Short text fragments from websites ▸
##############################

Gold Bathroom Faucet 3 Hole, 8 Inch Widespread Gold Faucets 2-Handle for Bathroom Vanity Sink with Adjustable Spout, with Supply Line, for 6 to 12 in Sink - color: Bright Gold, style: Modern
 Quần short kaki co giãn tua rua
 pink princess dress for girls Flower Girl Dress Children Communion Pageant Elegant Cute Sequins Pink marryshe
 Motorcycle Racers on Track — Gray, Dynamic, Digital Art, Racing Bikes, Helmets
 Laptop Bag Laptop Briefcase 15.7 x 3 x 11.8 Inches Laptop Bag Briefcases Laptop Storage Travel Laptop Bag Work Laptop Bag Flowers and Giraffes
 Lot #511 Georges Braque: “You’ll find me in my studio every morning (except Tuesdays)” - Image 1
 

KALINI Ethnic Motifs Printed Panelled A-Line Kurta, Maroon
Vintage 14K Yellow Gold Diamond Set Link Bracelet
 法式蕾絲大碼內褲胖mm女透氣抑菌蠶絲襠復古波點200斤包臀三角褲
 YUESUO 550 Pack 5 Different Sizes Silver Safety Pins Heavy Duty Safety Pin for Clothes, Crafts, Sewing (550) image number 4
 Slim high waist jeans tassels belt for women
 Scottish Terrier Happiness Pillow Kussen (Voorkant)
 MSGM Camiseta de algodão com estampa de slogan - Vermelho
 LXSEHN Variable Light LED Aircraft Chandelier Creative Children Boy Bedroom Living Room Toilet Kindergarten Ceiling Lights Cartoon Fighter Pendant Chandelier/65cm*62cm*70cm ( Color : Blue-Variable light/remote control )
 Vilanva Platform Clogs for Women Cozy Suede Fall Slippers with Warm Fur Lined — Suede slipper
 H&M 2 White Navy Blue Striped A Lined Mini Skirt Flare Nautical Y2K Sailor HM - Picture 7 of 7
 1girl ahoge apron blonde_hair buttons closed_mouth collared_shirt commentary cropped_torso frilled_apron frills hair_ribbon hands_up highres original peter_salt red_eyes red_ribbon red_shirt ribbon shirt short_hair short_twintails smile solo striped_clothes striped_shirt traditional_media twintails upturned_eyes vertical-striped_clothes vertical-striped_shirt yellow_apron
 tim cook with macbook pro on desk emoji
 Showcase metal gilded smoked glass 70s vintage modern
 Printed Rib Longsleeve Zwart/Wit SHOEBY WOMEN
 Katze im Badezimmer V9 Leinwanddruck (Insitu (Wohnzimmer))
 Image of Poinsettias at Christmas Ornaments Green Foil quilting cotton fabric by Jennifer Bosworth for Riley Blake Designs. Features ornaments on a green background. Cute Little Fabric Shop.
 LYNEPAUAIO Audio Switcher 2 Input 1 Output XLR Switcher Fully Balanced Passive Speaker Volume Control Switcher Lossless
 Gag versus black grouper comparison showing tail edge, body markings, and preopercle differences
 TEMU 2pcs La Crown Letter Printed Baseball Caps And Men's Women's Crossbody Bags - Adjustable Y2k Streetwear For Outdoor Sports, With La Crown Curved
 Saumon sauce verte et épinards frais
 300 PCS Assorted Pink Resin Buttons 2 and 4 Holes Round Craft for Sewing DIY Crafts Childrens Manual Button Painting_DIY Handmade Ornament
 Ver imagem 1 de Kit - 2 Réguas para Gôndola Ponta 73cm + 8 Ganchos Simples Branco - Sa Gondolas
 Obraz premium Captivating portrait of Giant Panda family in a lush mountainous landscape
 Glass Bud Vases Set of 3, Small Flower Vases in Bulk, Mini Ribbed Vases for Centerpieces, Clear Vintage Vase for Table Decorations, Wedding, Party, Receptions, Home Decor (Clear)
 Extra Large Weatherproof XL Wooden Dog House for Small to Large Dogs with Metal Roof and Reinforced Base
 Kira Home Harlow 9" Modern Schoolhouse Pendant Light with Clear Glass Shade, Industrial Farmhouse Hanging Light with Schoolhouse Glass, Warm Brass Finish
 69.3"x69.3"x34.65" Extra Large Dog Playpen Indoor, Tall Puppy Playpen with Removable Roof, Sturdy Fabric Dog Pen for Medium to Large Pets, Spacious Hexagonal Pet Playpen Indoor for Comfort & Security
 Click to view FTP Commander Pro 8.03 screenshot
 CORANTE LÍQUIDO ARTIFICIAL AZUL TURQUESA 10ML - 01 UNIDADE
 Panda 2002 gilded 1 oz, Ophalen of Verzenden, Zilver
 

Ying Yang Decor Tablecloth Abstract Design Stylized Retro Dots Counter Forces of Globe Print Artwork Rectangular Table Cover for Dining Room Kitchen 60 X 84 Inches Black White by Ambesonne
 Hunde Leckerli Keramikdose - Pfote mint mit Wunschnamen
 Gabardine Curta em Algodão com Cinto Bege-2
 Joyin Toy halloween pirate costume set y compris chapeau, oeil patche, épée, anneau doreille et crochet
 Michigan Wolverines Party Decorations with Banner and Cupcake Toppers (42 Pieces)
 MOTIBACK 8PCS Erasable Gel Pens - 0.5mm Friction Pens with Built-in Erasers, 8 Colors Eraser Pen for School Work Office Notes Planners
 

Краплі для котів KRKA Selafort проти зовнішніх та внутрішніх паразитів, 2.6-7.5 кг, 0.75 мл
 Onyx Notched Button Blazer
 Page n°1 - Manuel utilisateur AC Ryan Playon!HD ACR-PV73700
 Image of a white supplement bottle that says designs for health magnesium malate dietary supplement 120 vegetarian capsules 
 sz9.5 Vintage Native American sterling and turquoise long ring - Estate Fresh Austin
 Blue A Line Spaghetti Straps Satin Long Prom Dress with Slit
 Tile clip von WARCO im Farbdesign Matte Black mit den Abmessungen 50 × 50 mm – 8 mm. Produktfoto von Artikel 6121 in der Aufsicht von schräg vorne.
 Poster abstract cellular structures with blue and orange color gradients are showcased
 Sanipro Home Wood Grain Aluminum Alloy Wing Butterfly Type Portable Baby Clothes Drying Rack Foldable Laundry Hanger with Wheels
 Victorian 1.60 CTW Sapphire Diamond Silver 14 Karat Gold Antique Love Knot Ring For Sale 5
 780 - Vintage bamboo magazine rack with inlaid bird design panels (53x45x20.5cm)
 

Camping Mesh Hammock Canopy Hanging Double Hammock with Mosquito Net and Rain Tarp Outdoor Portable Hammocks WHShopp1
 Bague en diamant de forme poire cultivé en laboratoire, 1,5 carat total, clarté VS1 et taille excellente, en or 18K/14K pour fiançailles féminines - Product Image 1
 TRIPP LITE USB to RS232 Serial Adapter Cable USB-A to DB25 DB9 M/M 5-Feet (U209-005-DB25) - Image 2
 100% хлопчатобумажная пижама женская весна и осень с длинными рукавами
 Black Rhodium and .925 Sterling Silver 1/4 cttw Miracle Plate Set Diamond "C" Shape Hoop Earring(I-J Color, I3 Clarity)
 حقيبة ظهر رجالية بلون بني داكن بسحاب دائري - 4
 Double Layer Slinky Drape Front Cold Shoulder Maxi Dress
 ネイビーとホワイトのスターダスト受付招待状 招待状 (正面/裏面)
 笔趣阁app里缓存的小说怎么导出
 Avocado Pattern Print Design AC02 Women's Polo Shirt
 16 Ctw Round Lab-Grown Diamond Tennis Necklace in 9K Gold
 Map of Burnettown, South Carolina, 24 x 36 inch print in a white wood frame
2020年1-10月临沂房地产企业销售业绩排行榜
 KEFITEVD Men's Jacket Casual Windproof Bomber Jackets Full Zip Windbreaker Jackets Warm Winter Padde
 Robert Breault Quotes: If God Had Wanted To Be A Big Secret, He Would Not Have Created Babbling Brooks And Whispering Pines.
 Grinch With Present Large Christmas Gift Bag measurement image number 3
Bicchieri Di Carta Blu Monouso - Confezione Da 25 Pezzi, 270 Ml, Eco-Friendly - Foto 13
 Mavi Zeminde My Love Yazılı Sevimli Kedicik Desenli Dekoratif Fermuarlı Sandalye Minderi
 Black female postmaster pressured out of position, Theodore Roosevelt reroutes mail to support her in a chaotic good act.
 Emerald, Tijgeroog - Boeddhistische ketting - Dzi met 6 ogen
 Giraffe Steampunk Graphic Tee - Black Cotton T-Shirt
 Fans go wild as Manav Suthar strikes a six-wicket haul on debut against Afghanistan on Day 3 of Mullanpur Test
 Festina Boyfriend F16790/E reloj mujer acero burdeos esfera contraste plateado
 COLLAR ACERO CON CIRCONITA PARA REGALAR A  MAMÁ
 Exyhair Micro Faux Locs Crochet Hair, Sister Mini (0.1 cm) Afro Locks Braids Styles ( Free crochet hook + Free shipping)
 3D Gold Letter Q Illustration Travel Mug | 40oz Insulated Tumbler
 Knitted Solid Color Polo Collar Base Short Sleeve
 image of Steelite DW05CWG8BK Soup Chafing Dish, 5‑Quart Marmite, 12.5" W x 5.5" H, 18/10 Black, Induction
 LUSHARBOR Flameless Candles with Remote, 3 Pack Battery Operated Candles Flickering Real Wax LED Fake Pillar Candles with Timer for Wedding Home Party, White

##############################

Copy out only the lines above from the one with "Image of Poinsettias" to the one with "Comfort & Security", inclusive, exactly as they stand.

RESPONSE TO THIS EXERCISE ▸
 Image of Poinsettias at Christmas Ornaments Green Foil quilting cotton fabric by Jennifer Bosworth for Riley Blake Designs. Features ornaments on a green background. Cute Little Fabric Shop.
 LYNEPAUAIO Audio Switcher 2 Input 1 Output XLR Switcher Fully Balanced Passive Speaker Volume Control Switcher Lossless
 Gag versus black grouper comparison showing tail edge, body markings, and preopercle differences
 TEMU 2pcs La Crown Letter Printed Baseball Caps And Men's Women's Crossbody Bags - Adjustable Y2k Streetwear For Outdoor Sports, With La Crown Curved
 Saumon sauce verte et épinards frais
 300 PCS Assorted Pink Resin Buttons 2 and 4 Holes Round Craft for Sewing DIY Crafts Childrens Manual Button Painting_DIY Handmade Ornament
 Ver imagem 1 de Kit - 2 Réguas para Gôndola Ponta 73cm + 8 Ganchos Simples Branco - Sa Gondolas
 Obraz premium Captivating portrait of Giant Panda family in a lush mountainous landscape
 Glass Bud Vases Set of 3, Small Flower Vases in Bulk, Mini Ribbed Vases for Centerpieces, Clear Vintage Vase for Table Decorations, Wedding, Party, Receptions, Home Decor (Clear)
 Extra Large Weatherproof XL Wooden Dog House for Small to Large Dogs with Metal Roof and Reinforced Base
 Kira Home Harlow 9" Modern Schoolhouse Pendant Light with Clear Glass Shade, Industrial Farmhouse Hanging Light with Schoolhouse Glass, Warm Brass Finish
 69.3"x69.3"x34.65" Extra Large Dog Playpen Indoor, Tall Puppy Playpen with Removable Roof, Sturdy Fabric Dog Pen for Medium to Large Pets, Spacious Hexagonal Pet Playpen Indoor for Comfort & Security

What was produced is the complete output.